Keith: My wife attempted to apply for Social Security spousal benefits to begin once she turned 62. I am 69 and will soon turn 70. My full retirement age benefits would have been $1,885.70 per month, but due to unemployment, I filed early at age 64, which reduced my monthly benefits to $1,643.90 per month. My wife’s full retirement age benefits would be $976.10 per month. The Social Security representative we talked to seemed to be relatively new and had to consult with a supervisor several times. We were told that my wife could not draw spousal benefits off of my account because her full retirement age benefits ($976.10) were more than what half of my full retirement age benefits would be ($942.85).
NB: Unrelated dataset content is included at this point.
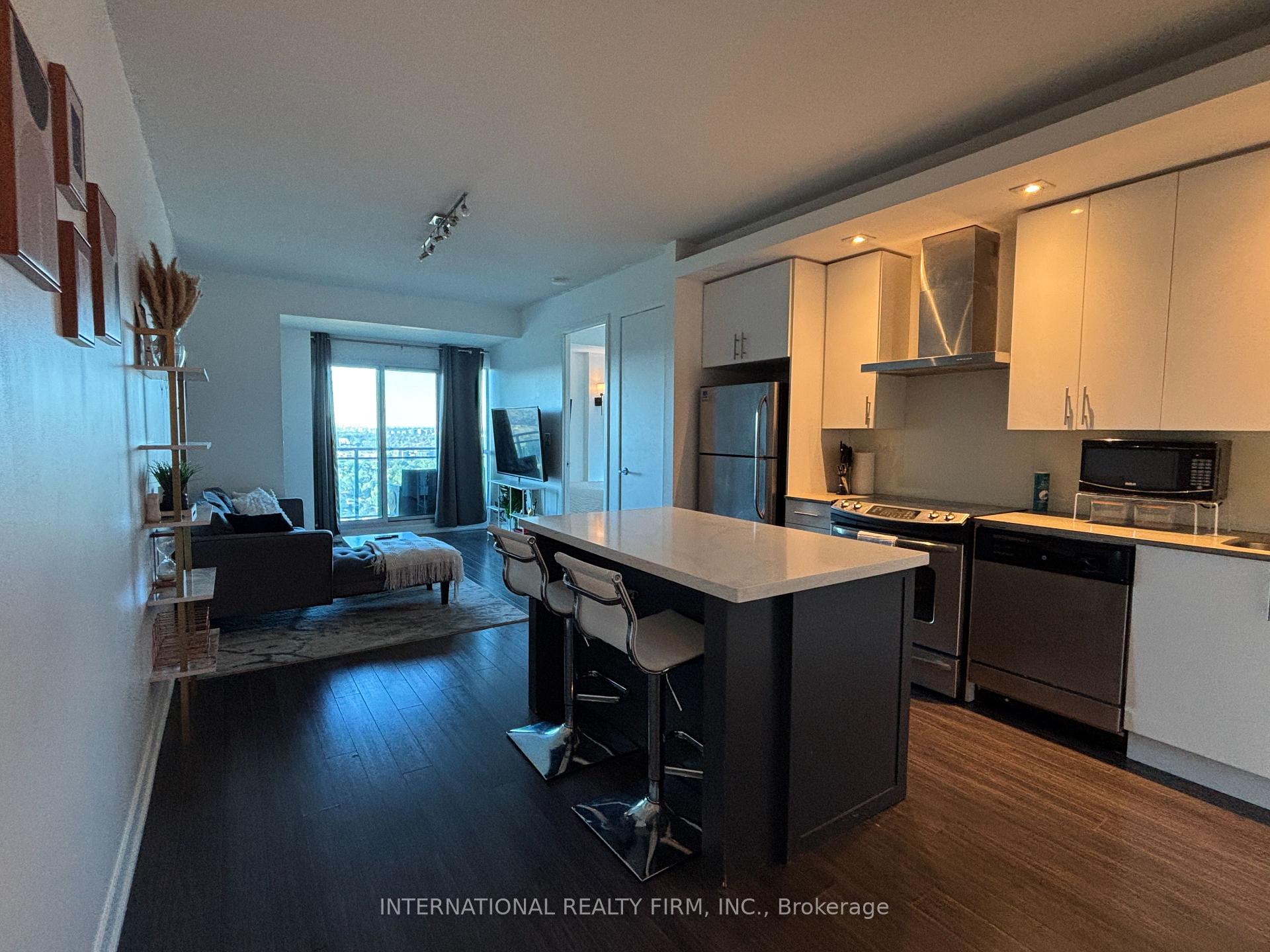 Front of Unit 2923, 165 Legion Road N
Is this correct?
Phil Moeller: The information you received from Social Security was correct. Here’s why: When your wife files for spousal benefits she will be “deemed” under Social Security rules to be simultaneously filing for other benefits to which she is eligible, including her own retirement benefit. In evaluating her claim, Social Security will compare the two benefits. If her retirement benefit is the larger of the two, she will not receive any spousal benefit. If the spousal benefit was larger, she would receive her own retirement benefit plus an “excess spousal benefit” equaling the amount by which her spousal benefit exceeded her retirement benefit.
Nick: I am 71 years old and just heard about spousal benefits. I was married for 23 years and have been divorced for almost 20 years. My ex- will be 62 this coming January. Is it possible to collect part of her Social Security?
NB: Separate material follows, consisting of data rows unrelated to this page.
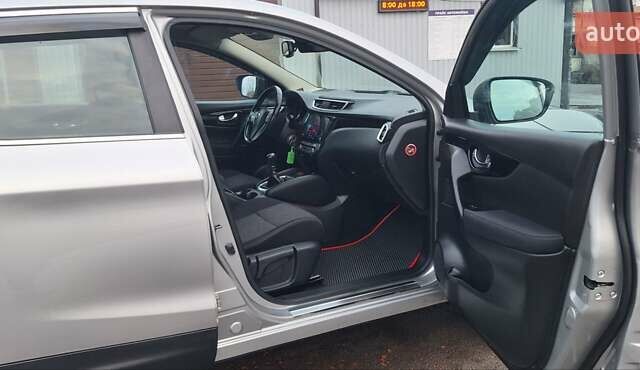 Серый Ниссан Кашкай, объемом двигателя 1.5 л и пробегом 120 тыс. км за 14900 $, фото 13 на Automoto.ua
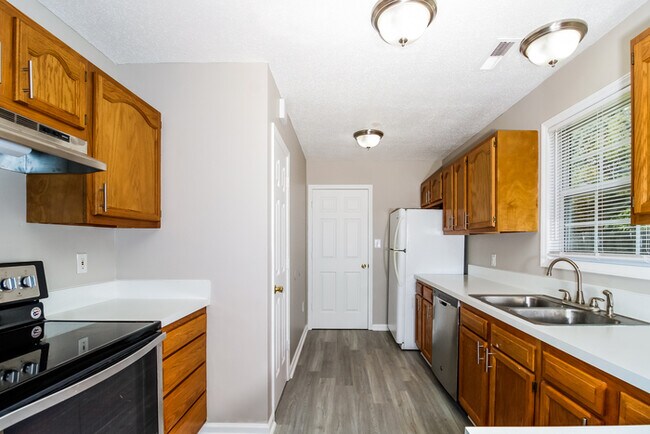 Foto del edificio - 146 Central Oaks Rd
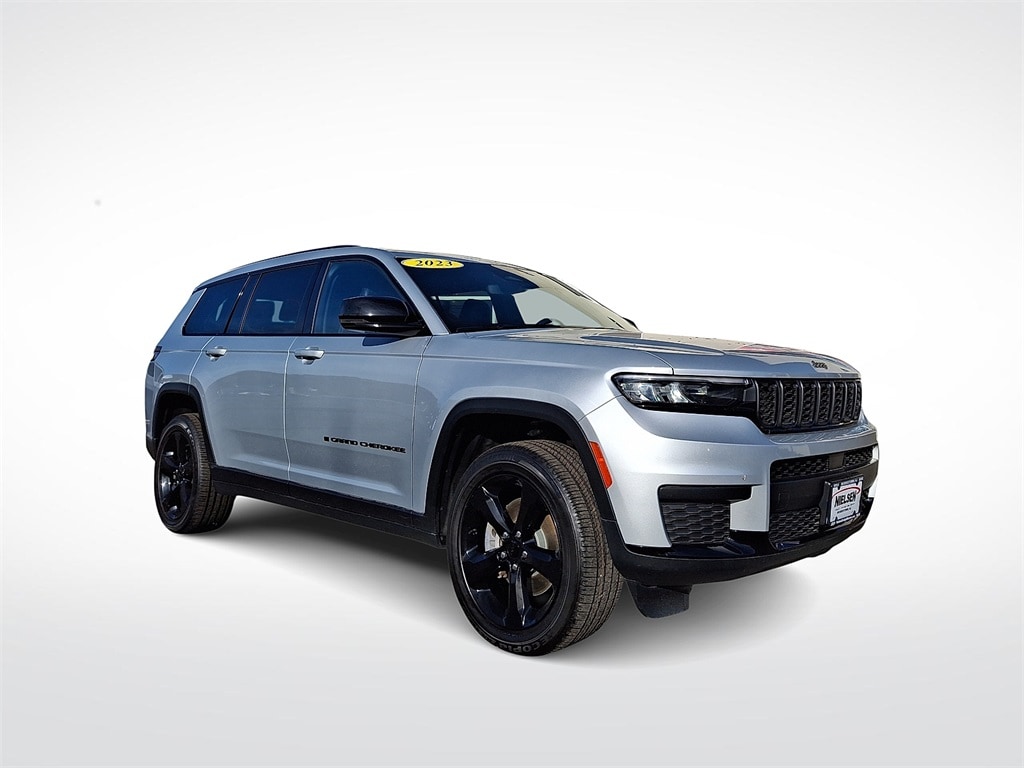 Certified 2023 Jeep Grand Cherokee L Altitude SUV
Phil Moeller: You can only collect additional money if your divorce spousal benefit is larger than your own benefit. Spousal benefits max out at half of the other person’s benefit entitlement. For this amount to be larger than your own benefit, your former wife would have to have earned a much larger salary than you. If this is the case, you can apply for a spousal benefit, and Social Security should tell you whether you would get any additional money. Your additional payment would roughly equal the amount by which the spousal benefit exceeds what you’re already getting from Social Security.
Steve: My wife intends to draw a spousal benefit on my earnings record when I retire and draw Social Security. I am currently 66 and a half years old and plan on working until 67 and a half. If I apply for benefits then, and elect the six-month retroactive payment, will my wife be eligible for the same treatment? If so, does this make financial sense?
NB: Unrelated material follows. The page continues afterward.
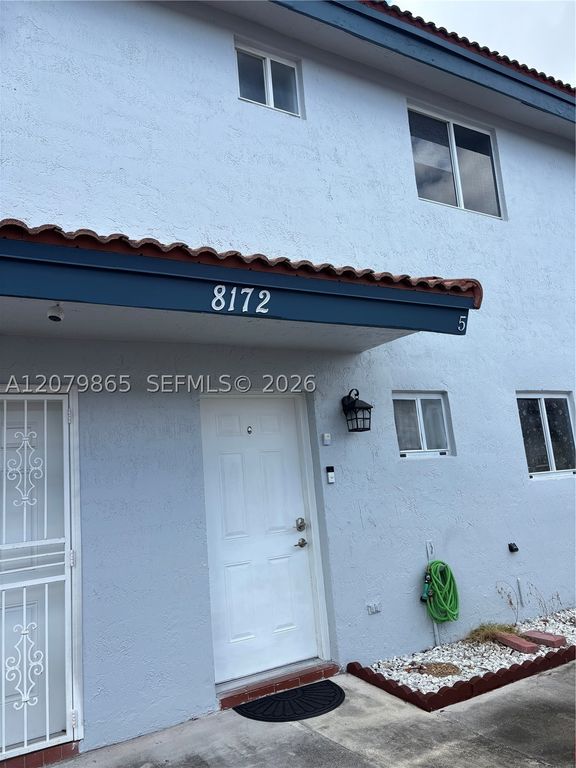 8172 NW 10th St 5, Miami, FL 33126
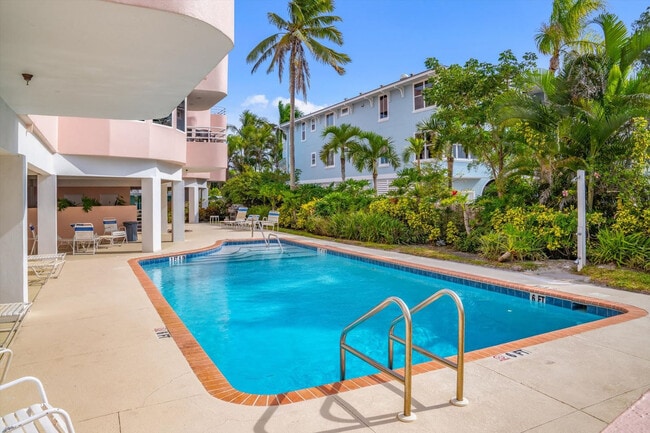 Building Photo - 3708 Gulf Dr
Phil Moeller: The key date here is not when you retire, but how old your wife is when she applies for a spousal benefit. Her spousal benefits would max out at half of the benefit you’re entitled to at your full retirement age, which is now 66, not half of what you actually collect. And to max out at this level, your wife has to wait to file for the benefit until she is of full retirement age.
Also, please keep in mind that spousal benefits are not retroactive in this case. Your wife is not eligible for a spousal benefit until you have filed for your own retirement benefit. And she is only eligible for retroactive benefits if she is older than her full retirement age. So if you filed when you were 67 and a half, and she was at least 66, she would only get retroactive benefits if she then delayed her filing for up to six months. But unless I’m missing something, there would be no reason for her to delay in this case.
Further, your retroactivity is hardly free money and comes at a price. By claiming that six-month retroactivity, you would be giving up six months of delayed retirement credits. Doing so would reduce your monthly benefit by 4 percent for the rest of your life. You might think this trade-off is worth it, and that’s fine. But if you live into your late 80s or 90s, you might wish you had that extra money. You might want to consider just delaying your filing and thus boosting your monthly benefit.